Relaxation can be controlled using: Clfs authentication confirmation Group Policy setting (“Enable/Disable CLFS Log File Authentication”). This policy setting can be found in “Administrative Templates\System\File System.” zipedit.exe.

Figure 1: Local Group Policy Editor

Like all Group Policy settings, the CLFS log file authentication setting can be in one of three states:

• “Not configured” (default) – Allows mitigation to be enabled. CLFS checks the local registry mode (HKLM\SYSTEM\CurrentControlSet\Services\CLFS\Authentication [Mode]).
• “Enabled” – Same as “Not Configured”. Mitigation can be enabled, but CLFS will check the local registry settings first.
• “Disabled” – Mitigation is disabled. CLFS will attempt to open potentially corrupt log files without verifying the authentication code.

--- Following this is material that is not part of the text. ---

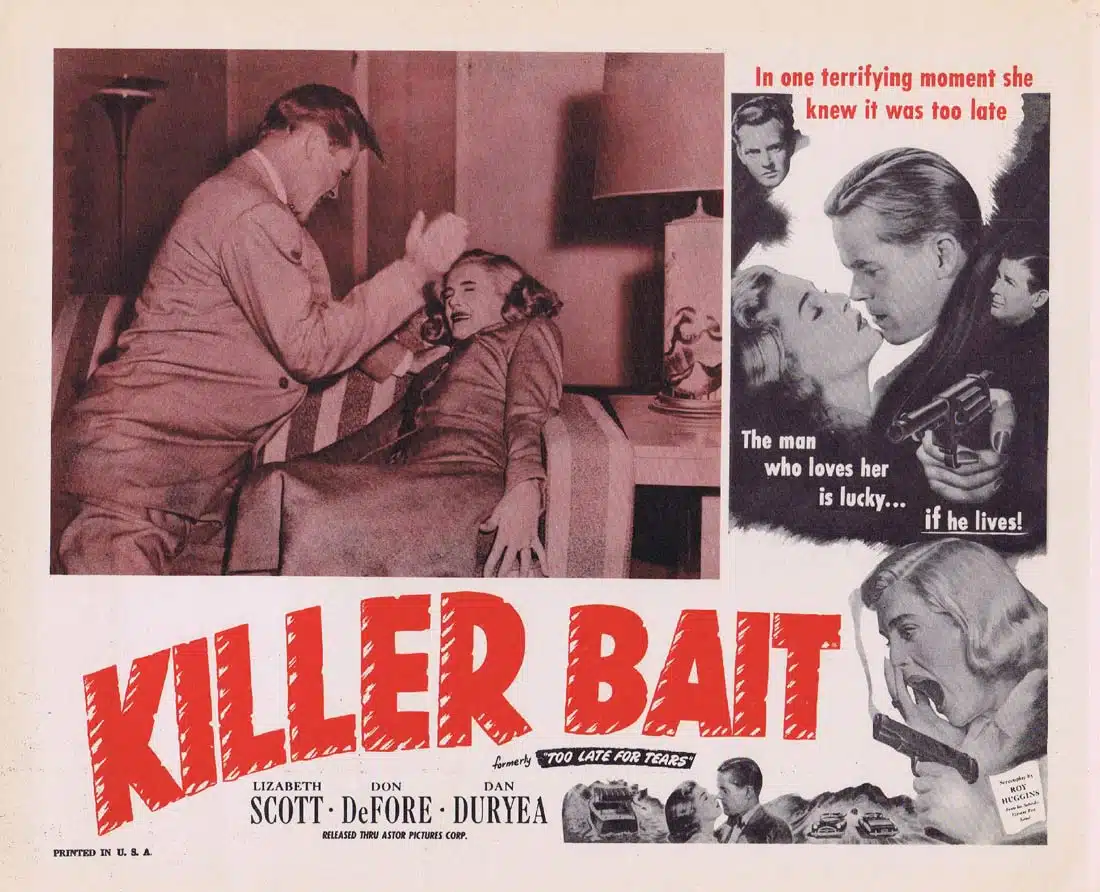 TOO LATE FOR TEARS aka KILLER BAIT 1950sr Lobby Card 4 Lizabeth Scott FILM NOIR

When a mitigation feature is switched from disabled to enabled (via Group Policy), the mitigation rollout period will automatically repeat itself, as there will likely be log files on the system that were generated without authentication codes while the mitigation feature was disabled.

User Impact

This mitigation may impact CLFS API consumers in the following ways:

• The encryption key used to generate the authentication code is system-specific, so the log file is no longer portable between systems. To open a log file generated on another system, an administrator must first use: fsutil clfs authentication A utility that authenticates log files using the local system’s encryption key.
• A new file with the extension “.cnpf” is saved along with the BLF and data container. If the BLF for the log file is in “C:\Users\User\example.blf”, the “patch file” should be in “C:\Users\User\example.blf.cnpf”. If the log file is not closed cleanly, the patch file contains data that CLFS needs to recover the log file. The patch file is created with the same security attributes as the file that provides the recovery information. This file is approximately the same size as the “FlushThreshold” (HKLM\SYSTEM\CurrentControlSet\Services\CLFS\Parameters). [FlushThreshold]).
• Additional file space is required to store the authentication codes. The amount of space required for the authentication codes will vary depending on the file size. For an estimate of the amount of additional data required for the log file, see the list below.
  • A 512KB container file requires an additional ~8192 bytes.
  • A 1024KB container file requires an additional ~12288 bytes.
  • A 10MB container file requires an additional ~90112 bytes.
  • A 100MB container file requires an additional ~57344 bytes.
  • A 4GB container file requires an additional ~2101248 bytes.
• The time taken to create, open, and write log files increased due to the increased I/O operations required to maintain the authentication code. The increase in the time taken to create and open log files is entirely dependent on the size of the container, with larger log files having a much more noticeable effect. On average, the time taken to write a record to a log file doubled.

CLFS API Changes

To avoid breaking changes to the CLFS API, we report integrity check failures to callers using legacy error codes.

• If CreateLogFile If it fails, Get the last error Will return ERROR_LOG_METADATE_CORRUPTED This error code occurs when CLFS cannot verify the integrity of a log file.
• For ClfsCreateLogFilethat Status log metadata corruption If CLFS cannot verify the integrity of the log file, a status of 0 is returned.